* [TASK GOAL]: Give back exactly the lines of the material below that start at the line containing "NaturGreen - Semillas" and end at the line containing "0.40 Ct Round", and no others.

* [RECORDS FOR PROCESSING]:

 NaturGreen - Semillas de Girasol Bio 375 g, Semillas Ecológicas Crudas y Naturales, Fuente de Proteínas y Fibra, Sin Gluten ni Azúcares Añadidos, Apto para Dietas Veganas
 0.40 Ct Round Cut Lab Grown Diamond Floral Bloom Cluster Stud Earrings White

---

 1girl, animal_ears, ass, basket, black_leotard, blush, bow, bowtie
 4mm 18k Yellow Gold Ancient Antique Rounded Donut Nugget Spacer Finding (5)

* [YOUR RESPONSE]:
 NaturGreen - Semillas de Girasol Bio 375 g, Semillas Ecológicas Crudas y Naturales, Fuente de Proteínas y Fibra, Sin Gluten ni Azúcares Añadidos, Apto para Dietas Veganas
 0.40 Ct Round Cut Lab Grown Diamond Floral Bloom Cluster Stud Earrings White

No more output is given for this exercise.